Sonó la campana de la Colegiata marcando la media noche y algo aburridos por la espera pensábamos en volver dejando la vigilia para otra noche. De pronto Julio nos hizo callar, había oído una especie de siseo que enseguida reconocimos pero que no podíamos saber de donde procedía. Escudriñamos cada palmo y poco a poco entre las lápidas pudimos percibir un vapor compacto y suave y fosforescencias que iban intensificándose hasta el punto de convertirse en pequeñas llamas pálidas de color azul, verdoso e incluso rojizo, empezamos a inquietarnos pero estábamos tan atraídos por aquellas candelillas que incluso nos atrevimos a levantarnos de nuestro rincón y encaminarnos hacia ellas.
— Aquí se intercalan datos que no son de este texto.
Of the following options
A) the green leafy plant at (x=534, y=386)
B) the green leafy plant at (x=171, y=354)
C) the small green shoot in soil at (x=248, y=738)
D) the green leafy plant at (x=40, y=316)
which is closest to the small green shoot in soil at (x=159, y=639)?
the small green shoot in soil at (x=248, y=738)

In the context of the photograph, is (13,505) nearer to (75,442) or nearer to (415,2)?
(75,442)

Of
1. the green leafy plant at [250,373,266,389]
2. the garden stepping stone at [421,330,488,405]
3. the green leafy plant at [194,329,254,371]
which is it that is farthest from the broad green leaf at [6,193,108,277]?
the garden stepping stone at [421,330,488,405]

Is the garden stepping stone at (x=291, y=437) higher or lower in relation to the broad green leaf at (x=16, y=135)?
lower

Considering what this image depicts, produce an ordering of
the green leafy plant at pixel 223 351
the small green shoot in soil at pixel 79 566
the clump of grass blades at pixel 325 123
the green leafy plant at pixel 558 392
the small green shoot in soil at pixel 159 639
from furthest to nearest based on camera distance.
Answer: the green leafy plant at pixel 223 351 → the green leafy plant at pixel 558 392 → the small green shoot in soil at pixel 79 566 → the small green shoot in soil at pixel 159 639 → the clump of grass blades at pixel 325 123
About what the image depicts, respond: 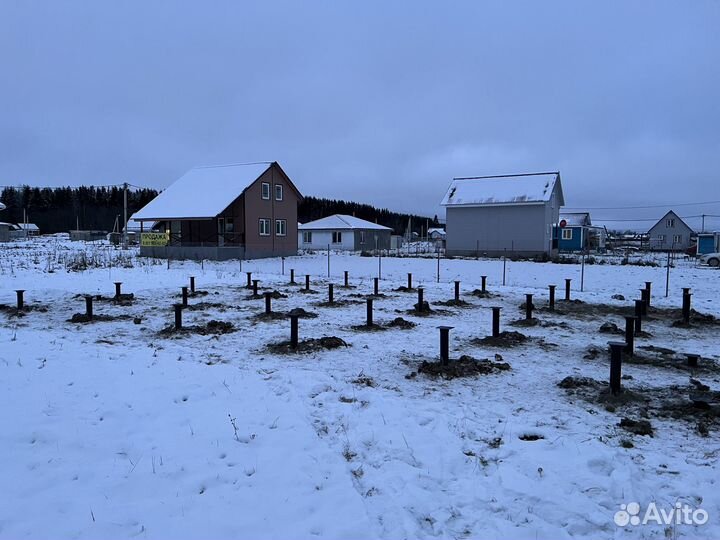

A medida que nos aproximábamos éstas parecían retroceder y disiparse para aparecer un poco mas lejos.

-¡son los fuegos fatuos! - susurró Tito entre dientes.

-¡son las almas de los niños nacidos muertos!- dijo Julito- ¡los niños que murieron sin ser bautizados y que penan entre el cielo y el infierno sin saber donde ir!

Un frío intenso comenzó a erizarnos el cabello de la nuca, luces pálidas y engañosas y el vapor que se levantaba del suelo parecían materializar imágenes distorsionadas y pálidas, casi irreconocibles sobre las tumbas, imágenes en blanco y negro como las de las películas que íbamos a ver a la catequesis parroquial, imágenes mudas de grandes ojos ausentes y vacuos que no miraban a ninguna parte.

En un profundo silencio y superpuestas entre éstas apariciones se dibujaban las hilachas espectrales de una comitiva triste que sobre unas andas transportaba un féretro negro cubierto de crespones en los que podíamos distinguir el escudo de Castilla, tras él la figura de una mujer joven pálida cubierta de largos velos y ropajes desplazándose entre leves oleadas fosfóricas seguida de espectros que en procesión pasaban ante nuestros ojos, desplazándose lentamente como una mancha nívea, algunos vagamente visibles, otros con rostros reconocibles llevando velones y antorchas de luz temblorosa.

La comitiva pasaba silenciosa suspendida sobre los monumentos funerarios dirigiéndose lentamente hacia el fondo del cementerio donde comenzó a disiparse dejando en el aire una neblina difusa y en el camino leves llamitas azuladas que iban apagándose en un tenue siseo. La aparición duró unos breves minutos.

Quedamos petrificados sin llegar a creer lo que habíamos presenciado, mudos de asombro y temblando de miedo y emoción retrocedimos hacia la cancela notando que planchas delgadas de hielo cubrían como un sudario las tumbas.

Corrimos cuesta abajo sin dirigirnos la palabra cruzando las vías y entrando en casa por el mismo sitio que la habíamos dejado, el patio trasero, Julio siguió a su casa contigua a la nuestra y nosotros nos fuimos a la cama sin cambiar palabra. Las mujeres se recogían cada una en su casa llevando consigo las sillas y oímos a mi madre andar por la cocina acercándose a la puerta de nuestra habitación para comprobar que estábamos durmiendo.

Aún temblaba de miedo entre las sábanas y cerrados los ojos seguía viendo aquellas imágenes, rostros tristes, hieráticos y fríos pasando delante de mí como un vapor mefítico.

Sentados por la mañana en la cocina, Tito engullía sopas de pan migado en el tazón de leche, yo hacía lo propio y él me miraba y ponía caras de horror bizqueando y enseñándome los dientes. Comiendo mi pan sentía algún escalofrío por la espalda y levantándose para ir al colegio me dijo en voz baja,

-¿sabes lo que te digo?, pues que eso que nos pareció hielo era sólo el reflejo de la luna sobre la piedra.

-¿y todo lo demás?-respondí-

-¡anda ya! ¡termina el desayuno que vas a ser el último renacuajo en llegar a la escuela!